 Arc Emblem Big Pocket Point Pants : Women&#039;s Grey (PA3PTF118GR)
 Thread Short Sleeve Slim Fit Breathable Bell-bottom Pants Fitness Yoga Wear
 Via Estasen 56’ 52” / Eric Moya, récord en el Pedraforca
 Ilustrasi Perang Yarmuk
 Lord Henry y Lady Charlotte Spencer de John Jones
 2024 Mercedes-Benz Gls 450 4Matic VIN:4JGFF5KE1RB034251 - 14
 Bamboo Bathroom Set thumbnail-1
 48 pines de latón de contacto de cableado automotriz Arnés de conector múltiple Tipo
━━━━
[What to work on]
Count up the lines in the records that contain the word "Pants" and reply with that figure only.

[Answer to this exercise]
2